● PROBLEM DESCRIPTION
Every record must be restated exactly as written.

Short text fragments from websites:
◇ ◇ ◇
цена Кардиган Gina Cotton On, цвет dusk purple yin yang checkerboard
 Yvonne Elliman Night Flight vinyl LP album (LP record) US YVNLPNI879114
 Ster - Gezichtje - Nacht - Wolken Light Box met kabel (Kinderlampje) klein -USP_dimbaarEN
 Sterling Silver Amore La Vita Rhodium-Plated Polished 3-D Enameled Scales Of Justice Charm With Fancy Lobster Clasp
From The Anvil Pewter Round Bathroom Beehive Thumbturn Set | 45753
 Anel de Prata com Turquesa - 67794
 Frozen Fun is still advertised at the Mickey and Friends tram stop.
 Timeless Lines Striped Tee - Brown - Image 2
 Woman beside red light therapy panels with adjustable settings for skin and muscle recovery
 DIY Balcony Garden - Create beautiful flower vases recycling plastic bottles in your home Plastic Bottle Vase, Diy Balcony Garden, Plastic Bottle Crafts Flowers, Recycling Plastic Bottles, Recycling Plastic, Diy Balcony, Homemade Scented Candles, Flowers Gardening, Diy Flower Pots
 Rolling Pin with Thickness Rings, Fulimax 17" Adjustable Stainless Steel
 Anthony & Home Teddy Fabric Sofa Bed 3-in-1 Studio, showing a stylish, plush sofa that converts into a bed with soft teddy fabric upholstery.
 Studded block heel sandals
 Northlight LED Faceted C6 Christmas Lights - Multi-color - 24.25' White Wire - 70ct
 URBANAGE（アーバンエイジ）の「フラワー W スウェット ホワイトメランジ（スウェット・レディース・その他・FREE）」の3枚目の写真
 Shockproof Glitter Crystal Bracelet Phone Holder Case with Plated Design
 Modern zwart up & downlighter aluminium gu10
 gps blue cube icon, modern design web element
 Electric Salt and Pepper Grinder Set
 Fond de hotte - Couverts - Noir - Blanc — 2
◇ ◇ ◇
● FINISHED EXERCISE
цена Кардиган Gina Cotton On, цвет dusk purple yin yang checkerboard
 Yvonne Elliman Night Flight vinyl LP album (LP record) US YVNLPNI879114
 Ster - Gezichtje - Nacht - Wolken Light Box met kabel (Kinderlampje) klein -USP_dimbaarEN
 Sterling Silver Amore La Vita Rhodium-Plated Polished 3-D Enameled Scales Of Justice Charm With Fancy Lobster Clasp
From The Anvil Pewter Round Bathroom Beehive Thumbturn Set | 45753
 Anel de Prata com Turquesa - 67794
 Frozen Fun is still advertised at the Mickey and Friends tram stop.
 Timeless Lines Striped Tee - Brown - Image 2
 Woman beside red light therapy panels with adjustable settings for skin and muscle recovery
 DIY Balcony Garden - Create beautiful flower vases recycling plastic bottles in your home Plastic Bottle Vase, Diy Balcony Garden, Plastic Bottle Crafts Flowers, Recycling Plastic Bottles, Recycling Plastic, Diy Balcony, Homemade Scented Candles, Flowers Gardening, Diy Flower Pots
 Rolling Pin with Thickness Rings, Fulimax 17" Adjustable Stainless Steel
 Anthony & Home Teddy Fabric Sofa Bed 3-in-1 Studio, showing a stylish, plush sofa that converts into a bed with soft teddy fabric upholstery.
 Studded block heel sandals
 Northlight LED Faceted C6 Christmas Lights - Multi-color - 24.25' White Wire - 70ct
 URBANAGE（アーバンエイジ）の「フラワー W スウェット ホワイトメランジ（スウェット・レディース・その他・FREE）」の3枚目の写真
 Shockproof Glitter Crystal Bracelet Phone Holder Case with Plated Design
 Modern zwart up & downlighter aluminium gu10
 gps blue cube icon, modern design web element
 Electric Salt and Pepper Grinder Set
 Fond de hotte - Couverts - Noir - Blanc — 2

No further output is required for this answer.